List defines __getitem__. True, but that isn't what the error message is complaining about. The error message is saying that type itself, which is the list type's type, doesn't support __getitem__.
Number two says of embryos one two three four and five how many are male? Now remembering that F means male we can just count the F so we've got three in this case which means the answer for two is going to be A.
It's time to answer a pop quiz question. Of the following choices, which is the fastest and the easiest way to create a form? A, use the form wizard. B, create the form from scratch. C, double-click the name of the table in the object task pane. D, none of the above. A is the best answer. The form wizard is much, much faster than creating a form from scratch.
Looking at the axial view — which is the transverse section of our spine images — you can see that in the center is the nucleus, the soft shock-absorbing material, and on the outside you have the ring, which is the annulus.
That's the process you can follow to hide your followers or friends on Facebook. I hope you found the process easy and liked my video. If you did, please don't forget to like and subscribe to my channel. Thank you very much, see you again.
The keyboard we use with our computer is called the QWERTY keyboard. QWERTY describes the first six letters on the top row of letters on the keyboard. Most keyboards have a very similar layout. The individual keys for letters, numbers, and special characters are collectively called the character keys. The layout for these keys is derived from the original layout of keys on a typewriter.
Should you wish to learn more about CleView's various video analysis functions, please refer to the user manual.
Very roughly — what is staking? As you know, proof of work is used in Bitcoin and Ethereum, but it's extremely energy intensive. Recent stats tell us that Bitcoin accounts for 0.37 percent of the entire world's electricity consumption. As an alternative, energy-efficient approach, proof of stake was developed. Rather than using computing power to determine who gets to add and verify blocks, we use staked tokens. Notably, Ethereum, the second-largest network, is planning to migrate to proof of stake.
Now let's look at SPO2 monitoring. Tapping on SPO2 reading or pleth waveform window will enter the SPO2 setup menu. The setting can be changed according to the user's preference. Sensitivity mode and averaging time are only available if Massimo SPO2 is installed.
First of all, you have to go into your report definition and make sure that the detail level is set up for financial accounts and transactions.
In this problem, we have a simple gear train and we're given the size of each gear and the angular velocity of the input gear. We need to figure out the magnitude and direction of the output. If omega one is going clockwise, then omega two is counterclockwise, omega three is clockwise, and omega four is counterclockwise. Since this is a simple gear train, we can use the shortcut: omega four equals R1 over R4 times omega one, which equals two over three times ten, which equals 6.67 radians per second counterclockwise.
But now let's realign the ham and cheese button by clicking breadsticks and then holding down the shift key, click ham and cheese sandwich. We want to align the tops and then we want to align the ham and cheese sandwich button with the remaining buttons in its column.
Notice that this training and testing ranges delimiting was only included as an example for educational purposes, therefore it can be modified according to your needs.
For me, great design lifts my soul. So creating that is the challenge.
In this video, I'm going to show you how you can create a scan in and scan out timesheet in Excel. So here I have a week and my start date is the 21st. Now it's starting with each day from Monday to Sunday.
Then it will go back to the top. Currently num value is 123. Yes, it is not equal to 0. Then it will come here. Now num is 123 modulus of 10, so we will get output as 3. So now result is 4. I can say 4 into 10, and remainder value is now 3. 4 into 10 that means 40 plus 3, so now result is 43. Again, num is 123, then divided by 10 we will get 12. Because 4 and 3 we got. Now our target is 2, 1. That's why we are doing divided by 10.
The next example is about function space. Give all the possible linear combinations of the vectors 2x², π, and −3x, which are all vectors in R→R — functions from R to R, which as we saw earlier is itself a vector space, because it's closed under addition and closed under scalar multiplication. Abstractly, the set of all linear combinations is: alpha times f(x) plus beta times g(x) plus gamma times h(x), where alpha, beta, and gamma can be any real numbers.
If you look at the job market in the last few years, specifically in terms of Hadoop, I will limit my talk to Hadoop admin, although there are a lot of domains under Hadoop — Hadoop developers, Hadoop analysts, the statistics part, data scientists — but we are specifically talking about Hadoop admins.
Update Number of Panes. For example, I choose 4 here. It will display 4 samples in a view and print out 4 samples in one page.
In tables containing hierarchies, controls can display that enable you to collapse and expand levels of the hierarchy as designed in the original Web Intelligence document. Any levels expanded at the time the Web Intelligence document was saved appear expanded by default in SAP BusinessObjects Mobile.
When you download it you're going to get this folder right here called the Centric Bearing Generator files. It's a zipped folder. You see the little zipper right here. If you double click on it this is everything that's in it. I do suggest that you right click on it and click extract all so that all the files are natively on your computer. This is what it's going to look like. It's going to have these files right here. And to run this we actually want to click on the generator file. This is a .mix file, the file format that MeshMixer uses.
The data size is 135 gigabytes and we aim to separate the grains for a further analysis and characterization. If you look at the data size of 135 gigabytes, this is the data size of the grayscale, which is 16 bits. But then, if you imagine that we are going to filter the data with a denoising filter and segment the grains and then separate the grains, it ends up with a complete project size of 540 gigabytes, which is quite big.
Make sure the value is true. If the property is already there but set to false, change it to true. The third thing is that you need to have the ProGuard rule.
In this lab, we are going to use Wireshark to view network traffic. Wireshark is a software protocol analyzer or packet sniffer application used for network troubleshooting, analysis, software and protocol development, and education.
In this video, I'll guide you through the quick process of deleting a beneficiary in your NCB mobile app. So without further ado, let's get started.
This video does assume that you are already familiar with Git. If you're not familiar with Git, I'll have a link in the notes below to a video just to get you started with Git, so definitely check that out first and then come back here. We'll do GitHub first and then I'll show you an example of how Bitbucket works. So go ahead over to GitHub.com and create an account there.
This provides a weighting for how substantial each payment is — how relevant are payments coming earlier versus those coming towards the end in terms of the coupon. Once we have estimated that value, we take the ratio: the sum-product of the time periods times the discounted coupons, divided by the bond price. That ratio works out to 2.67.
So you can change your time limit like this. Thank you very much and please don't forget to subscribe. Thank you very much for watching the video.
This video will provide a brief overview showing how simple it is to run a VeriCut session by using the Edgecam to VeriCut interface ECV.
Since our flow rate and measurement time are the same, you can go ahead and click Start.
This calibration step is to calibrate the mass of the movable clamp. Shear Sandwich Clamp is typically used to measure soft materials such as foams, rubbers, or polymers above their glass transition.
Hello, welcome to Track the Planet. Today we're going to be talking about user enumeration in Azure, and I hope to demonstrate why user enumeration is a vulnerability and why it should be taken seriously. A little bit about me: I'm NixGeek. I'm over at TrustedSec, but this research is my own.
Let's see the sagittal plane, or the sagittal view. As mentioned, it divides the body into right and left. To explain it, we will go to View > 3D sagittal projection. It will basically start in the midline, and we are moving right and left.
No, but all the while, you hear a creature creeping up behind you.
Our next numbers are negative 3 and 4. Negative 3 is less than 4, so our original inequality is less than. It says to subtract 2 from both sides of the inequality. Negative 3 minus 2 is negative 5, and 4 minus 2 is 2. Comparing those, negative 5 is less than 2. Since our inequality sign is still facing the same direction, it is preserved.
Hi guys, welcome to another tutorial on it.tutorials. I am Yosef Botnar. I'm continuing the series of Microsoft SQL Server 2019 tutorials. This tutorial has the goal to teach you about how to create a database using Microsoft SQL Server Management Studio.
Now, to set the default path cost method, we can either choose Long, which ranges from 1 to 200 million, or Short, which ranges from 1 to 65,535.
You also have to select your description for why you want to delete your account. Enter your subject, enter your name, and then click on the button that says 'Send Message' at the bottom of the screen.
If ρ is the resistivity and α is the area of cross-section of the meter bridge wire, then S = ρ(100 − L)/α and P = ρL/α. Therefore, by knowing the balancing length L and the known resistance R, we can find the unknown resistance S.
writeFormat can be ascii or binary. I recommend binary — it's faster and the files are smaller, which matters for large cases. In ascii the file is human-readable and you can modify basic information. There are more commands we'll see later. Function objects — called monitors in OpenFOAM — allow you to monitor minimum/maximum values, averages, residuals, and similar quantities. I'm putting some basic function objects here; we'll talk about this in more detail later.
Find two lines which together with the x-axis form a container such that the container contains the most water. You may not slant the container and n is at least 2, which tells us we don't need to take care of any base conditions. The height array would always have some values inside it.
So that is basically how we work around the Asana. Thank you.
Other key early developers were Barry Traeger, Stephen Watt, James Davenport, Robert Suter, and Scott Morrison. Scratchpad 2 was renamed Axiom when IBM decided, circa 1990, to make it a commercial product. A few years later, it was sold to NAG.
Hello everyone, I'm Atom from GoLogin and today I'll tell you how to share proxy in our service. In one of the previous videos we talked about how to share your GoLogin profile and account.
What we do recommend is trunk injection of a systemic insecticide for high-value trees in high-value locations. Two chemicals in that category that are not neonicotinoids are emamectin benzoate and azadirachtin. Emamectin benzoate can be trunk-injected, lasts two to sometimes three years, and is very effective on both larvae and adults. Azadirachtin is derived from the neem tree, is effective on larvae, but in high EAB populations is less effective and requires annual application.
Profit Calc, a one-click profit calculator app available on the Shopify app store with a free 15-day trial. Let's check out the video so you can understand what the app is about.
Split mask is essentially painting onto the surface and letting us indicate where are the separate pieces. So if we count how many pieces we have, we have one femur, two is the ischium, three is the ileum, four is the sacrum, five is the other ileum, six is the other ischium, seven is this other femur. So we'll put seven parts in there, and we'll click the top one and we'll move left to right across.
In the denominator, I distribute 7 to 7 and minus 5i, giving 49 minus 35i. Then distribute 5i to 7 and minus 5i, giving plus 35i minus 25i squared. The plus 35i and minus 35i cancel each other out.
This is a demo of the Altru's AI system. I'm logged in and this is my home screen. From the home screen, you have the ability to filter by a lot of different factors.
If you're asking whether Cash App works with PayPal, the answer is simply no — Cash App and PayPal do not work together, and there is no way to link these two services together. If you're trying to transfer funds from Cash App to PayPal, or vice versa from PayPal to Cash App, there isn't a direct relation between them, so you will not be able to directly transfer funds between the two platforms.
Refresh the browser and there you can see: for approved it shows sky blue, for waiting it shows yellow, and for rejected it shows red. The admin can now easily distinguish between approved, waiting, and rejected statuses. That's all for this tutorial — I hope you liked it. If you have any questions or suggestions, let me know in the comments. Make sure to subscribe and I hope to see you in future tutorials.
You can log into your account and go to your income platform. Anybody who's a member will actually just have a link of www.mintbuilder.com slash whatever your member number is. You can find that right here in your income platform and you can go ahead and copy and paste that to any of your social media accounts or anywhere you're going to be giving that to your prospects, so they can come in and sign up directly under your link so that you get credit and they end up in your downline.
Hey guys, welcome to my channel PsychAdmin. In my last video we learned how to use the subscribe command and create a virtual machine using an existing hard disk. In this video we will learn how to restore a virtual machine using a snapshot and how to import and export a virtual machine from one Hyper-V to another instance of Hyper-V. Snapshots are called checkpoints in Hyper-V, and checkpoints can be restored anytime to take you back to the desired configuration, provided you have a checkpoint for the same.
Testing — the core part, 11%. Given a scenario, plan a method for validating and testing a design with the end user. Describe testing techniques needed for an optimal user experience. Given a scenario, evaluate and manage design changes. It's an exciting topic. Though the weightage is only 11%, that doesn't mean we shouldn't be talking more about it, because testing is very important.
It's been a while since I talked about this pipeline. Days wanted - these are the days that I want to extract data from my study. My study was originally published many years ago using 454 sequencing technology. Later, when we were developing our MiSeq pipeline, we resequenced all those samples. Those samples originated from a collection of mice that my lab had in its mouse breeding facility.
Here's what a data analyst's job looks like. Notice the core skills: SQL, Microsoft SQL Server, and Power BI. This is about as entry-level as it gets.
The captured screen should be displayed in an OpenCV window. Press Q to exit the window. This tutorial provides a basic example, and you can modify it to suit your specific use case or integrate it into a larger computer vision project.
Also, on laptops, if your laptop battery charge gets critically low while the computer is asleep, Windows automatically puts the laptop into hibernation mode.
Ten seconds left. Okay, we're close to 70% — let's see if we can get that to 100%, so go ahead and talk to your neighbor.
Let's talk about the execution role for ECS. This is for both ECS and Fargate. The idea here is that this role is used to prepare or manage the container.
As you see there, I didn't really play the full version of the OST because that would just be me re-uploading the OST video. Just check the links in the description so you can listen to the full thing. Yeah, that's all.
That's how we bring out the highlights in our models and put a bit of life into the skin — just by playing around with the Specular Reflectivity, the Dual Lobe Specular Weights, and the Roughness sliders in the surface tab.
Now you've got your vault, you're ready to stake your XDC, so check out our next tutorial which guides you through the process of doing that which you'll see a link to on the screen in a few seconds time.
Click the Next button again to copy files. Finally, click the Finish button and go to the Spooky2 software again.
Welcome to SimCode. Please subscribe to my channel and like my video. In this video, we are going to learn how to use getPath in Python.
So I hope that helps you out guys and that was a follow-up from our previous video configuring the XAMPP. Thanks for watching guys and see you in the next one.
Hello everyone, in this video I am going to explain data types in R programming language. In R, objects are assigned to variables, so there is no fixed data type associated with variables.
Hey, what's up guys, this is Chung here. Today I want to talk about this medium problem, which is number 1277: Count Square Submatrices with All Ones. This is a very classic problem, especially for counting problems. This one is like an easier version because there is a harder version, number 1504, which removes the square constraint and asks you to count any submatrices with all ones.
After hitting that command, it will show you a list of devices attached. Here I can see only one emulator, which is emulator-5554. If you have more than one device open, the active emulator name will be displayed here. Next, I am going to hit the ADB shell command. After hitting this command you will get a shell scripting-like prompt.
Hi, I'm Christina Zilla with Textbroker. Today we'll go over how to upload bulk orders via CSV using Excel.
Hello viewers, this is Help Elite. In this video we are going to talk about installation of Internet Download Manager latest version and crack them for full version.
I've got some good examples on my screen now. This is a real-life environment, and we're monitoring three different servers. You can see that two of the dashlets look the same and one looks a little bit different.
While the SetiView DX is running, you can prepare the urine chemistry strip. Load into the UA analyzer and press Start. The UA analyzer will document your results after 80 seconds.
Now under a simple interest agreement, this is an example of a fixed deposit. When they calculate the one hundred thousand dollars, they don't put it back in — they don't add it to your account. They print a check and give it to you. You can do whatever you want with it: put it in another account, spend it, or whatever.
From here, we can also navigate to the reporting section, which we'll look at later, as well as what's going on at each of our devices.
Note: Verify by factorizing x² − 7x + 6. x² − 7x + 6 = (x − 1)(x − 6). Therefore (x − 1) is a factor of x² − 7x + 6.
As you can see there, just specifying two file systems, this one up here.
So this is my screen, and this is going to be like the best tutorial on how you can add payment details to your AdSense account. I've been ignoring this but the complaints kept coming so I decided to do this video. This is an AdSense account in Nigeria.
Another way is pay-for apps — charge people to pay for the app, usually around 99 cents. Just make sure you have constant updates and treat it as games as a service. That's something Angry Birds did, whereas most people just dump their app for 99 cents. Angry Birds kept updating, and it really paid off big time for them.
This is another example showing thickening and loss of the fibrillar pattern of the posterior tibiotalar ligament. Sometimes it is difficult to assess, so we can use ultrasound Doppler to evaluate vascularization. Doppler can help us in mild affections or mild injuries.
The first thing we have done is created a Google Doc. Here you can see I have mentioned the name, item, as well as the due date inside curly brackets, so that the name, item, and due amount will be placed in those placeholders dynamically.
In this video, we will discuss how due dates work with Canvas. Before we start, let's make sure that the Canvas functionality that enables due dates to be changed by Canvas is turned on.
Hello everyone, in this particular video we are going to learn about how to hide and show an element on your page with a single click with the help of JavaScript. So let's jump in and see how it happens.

_WHAT YOU WILL DO_:
Going through the listing above, tally the lines that contain the word "around" and report the total alone.

_TASK SOLUTION_:
3